Scraped caption text data:
____________________
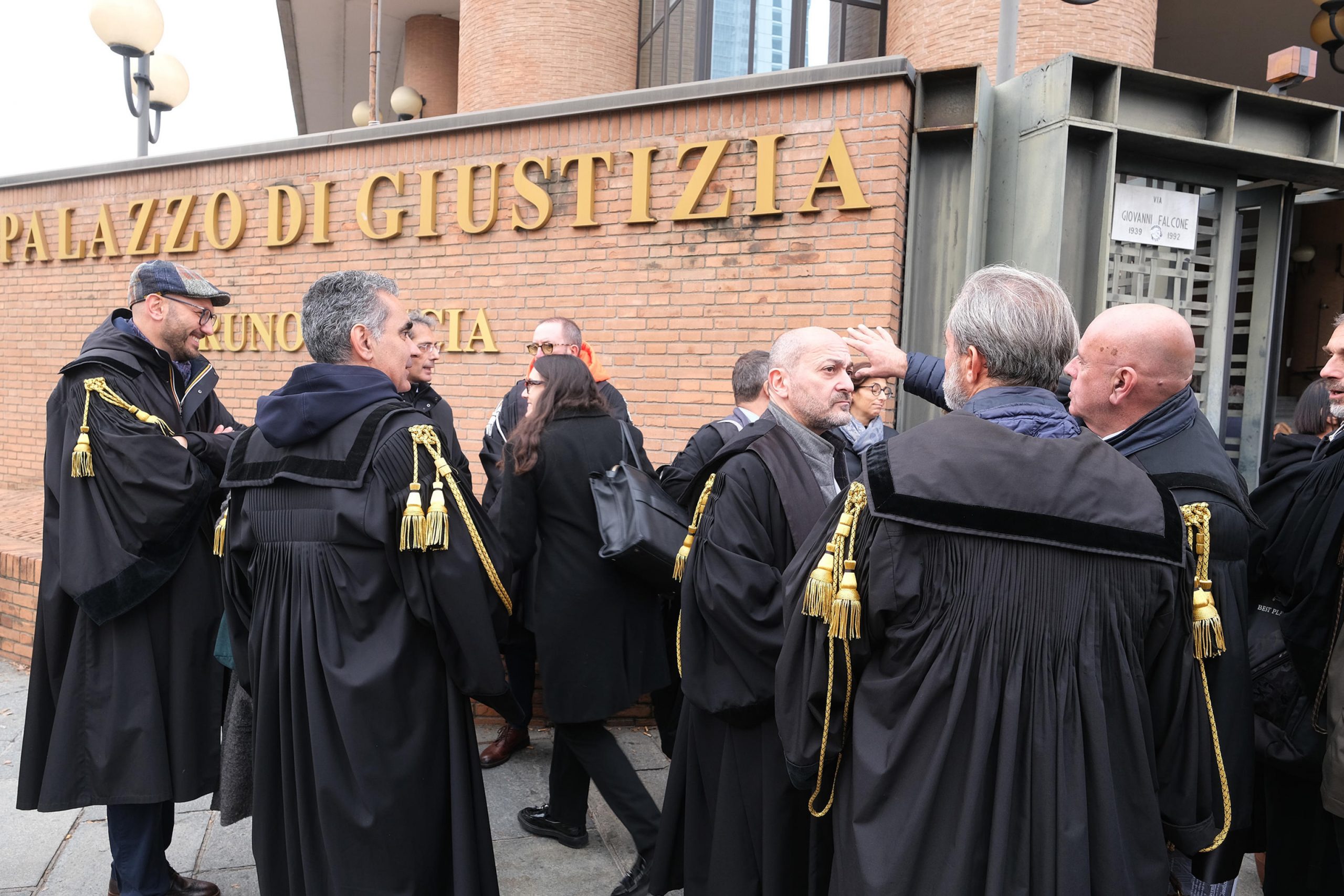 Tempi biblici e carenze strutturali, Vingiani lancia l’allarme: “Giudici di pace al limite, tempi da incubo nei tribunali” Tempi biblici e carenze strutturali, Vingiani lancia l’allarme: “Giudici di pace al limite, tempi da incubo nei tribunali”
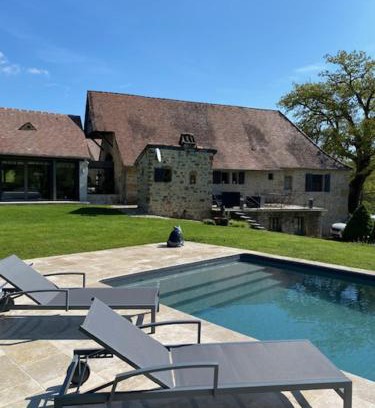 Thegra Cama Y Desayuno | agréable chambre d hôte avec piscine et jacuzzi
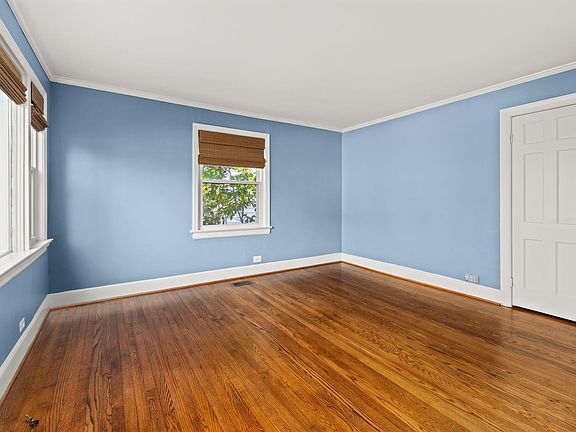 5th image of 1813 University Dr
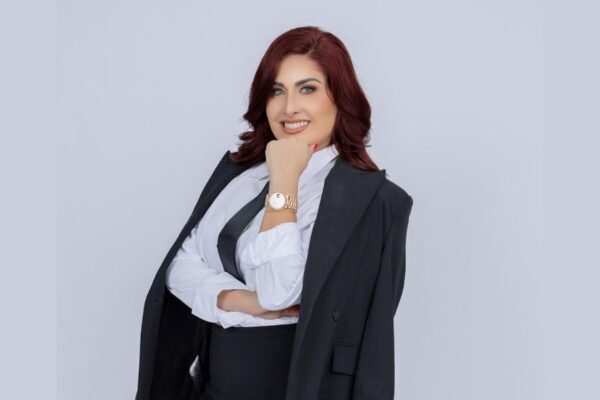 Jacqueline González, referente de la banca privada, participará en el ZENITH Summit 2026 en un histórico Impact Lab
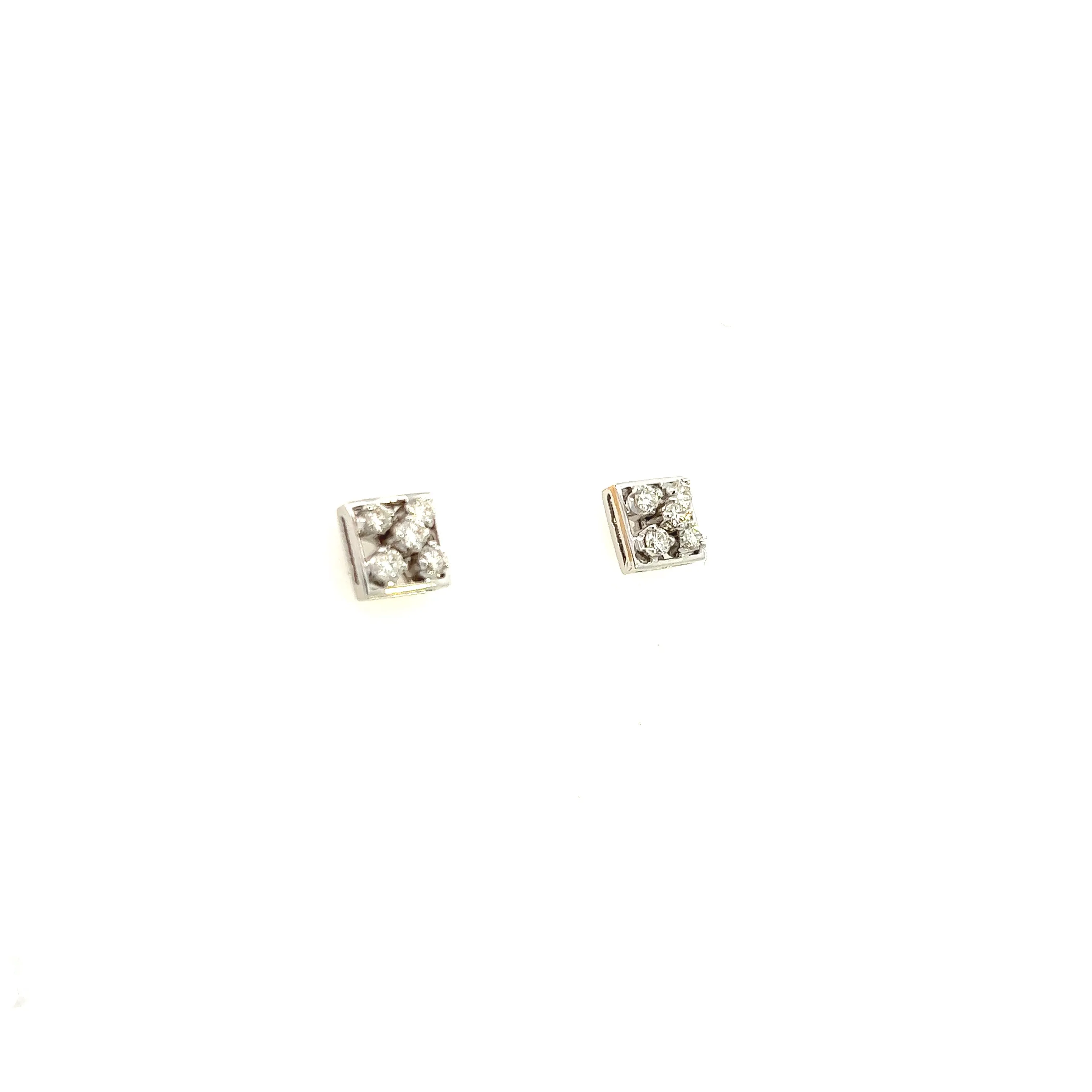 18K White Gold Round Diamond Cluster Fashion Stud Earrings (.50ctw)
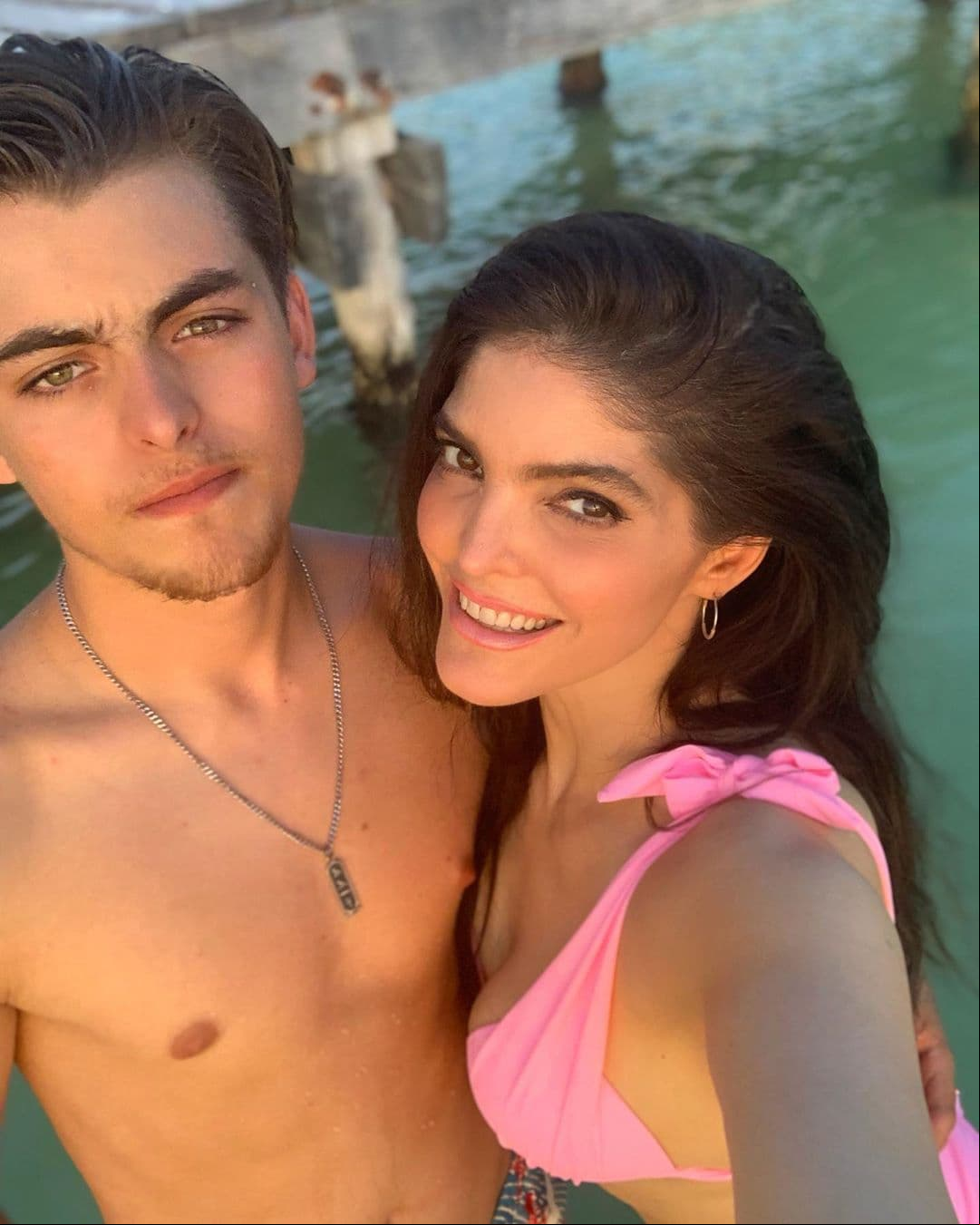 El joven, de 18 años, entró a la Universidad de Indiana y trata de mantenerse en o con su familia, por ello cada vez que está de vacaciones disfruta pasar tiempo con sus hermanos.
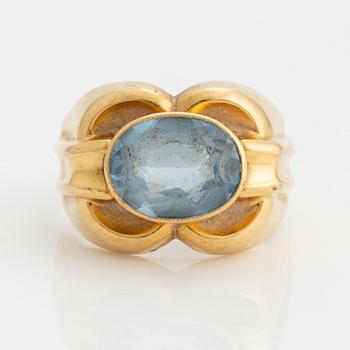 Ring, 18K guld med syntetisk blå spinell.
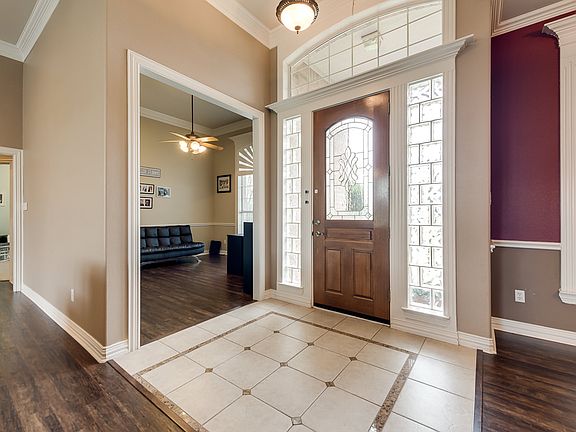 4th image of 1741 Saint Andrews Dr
____________________
_WHAT THIS TASK INVOLVES_. Could you please write out exactly the lines from the start of the entries above through the line that holds "18K White Gold", both included, with no pictures?

_YOUR RESPONSE_.
 Tempi biblici e carenze strutturali, Vingiani lancia l’allarme: “Giudici di pace al limite, tempi da incubo nei tribunali” Tempi biblici e carenze strutturali, Vingiani lancia l’allarme: “Giudici di pace al limite, tempi da incubo nei tribunali”
 Thegra Cama Y Desayuno | agréable chambre d hôte avec piscine et jacuzzi
 5th image of 1813 University Dr
 Jacqueline González, referente de la banca privada, participará en el ZENITH Summit 2026 en un histórico Impact Lab
 18K White Gold Round Diamond Cluster Fashion Stud Earrings (.50ctw)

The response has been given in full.